Assignment:
Report every line below that holds the word "Casa".

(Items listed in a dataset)
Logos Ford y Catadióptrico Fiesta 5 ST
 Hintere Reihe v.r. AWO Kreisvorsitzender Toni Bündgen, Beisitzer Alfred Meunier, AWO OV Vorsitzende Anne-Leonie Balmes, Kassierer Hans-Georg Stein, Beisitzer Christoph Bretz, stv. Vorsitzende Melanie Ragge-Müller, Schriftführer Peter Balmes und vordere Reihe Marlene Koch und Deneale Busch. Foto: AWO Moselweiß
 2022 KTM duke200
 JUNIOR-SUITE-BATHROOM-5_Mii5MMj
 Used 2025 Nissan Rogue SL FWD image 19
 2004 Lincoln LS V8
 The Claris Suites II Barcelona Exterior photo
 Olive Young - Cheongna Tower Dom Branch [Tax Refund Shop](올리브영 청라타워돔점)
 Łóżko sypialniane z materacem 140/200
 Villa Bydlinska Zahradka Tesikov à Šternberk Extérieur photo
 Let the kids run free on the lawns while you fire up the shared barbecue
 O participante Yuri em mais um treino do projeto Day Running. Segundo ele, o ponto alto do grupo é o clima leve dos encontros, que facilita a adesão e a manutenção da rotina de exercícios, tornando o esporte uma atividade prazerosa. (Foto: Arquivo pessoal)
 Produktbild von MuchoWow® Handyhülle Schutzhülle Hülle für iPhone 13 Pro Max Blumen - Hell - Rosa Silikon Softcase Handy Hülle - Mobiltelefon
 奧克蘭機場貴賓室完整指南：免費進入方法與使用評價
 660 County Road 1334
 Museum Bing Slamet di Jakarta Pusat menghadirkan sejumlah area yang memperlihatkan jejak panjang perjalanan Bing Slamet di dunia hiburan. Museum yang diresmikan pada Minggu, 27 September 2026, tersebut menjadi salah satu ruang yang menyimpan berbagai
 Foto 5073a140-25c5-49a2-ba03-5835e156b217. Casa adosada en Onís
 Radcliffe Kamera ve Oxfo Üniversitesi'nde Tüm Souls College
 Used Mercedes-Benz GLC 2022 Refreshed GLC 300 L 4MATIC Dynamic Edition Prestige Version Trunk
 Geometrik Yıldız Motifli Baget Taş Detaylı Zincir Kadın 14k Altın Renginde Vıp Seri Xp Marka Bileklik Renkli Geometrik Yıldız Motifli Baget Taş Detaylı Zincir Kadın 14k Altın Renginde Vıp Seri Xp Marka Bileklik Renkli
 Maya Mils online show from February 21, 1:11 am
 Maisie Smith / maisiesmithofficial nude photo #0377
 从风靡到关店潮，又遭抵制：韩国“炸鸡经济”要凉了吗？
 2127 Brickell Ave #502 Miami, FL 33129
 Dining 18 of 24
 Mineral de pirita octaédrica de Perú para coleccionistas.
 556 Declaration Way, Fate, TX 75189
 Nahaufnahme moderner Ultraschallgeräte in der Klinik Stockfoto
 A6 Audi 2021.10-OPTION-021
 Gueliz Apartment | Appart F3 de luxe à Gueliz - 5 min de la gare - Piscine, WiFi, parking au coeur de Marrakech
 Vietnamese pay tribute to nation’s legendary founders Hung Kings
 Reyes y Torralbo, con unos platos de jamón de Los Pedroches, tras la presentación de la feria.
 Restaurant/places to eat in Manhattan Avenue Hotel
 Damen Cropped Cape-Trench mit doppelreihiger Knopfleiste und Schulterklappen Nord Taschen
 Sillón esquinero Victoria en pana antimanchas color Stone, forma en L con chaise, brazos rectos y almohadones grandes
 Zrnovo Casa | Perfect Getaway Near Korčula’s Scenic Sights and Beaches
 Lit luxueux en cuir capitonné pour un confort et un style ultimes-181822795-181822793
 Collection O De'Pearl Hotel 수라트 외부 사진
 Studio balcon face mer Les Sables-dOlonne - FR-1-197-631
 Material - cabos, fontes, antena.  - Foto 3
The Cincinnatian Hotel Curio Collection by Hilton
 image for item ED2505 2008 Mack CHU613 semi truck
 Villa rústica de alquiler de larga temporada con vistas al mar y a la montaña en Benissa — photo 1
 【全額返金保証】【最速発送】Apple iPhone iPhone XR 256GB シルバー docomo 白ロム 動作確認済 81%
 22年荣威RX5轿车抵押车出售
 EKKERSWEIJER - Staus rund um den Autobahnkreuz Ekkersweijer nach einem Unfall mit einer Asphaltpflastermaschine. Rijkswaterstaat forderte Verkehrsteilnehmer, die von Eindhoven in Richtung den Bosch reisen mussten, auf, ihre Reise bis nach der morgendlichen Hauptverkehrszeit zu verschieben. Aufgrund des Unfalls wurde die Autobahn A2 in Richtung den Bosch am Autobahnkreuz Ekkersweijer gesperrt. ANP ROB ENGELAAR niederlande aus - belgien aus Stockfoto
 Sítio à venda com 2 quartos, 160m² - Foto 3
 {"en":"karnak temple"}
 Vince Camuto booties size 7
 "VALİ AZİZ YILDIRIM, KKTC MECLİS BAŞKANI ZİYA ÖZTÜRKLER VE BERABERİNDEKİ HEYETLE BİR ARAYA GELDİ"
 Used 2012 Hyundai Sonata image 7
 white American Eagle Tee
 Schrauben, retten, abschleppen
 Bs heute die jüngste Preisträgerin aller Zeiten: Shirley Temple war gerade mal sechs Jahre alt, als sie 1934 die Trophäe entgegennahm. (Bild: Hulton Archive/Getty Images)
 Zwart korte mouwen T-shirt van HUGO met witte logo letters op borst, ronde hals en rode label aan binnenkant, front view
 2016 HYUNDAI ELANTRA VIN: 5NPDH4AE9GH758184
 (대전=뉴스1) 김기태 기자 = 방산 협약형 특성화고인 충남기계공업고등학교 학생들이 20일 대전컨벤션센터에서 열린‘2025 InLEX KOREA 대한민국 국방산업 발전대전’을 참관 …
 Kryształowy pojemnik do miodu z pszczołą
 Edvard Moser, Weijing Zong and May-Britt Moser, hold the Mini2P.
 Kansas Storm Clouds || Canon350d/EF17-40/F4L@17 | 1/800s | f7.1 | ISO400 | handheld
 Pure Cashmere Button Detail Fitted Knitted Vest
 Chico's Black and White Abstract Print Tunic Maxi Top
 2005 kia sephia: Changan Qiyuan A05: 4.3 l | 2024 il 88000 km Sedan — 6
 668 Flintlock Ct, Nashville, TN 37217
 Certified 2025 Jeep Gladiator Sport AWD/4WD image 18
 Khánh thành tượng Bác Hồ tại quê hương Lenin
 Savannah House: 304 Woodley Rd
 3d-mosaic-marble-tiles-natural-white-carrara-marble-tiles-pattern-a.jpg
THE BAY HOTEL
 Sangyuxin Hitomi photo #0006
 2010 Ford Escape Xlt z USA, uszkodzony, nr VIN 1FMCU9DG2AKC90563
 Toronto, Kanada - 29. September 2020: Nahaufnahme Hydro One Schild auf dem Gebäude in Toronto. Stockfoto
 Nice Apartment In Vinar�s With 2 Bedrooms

Task solution:
 Foto 5073a140-25c5-49a2-ba03-5835e156b217. Casa adosada en Onís
 Zrnovo Casa | Perfect Getaway Near Korčula’s Scenic Sights and Beaches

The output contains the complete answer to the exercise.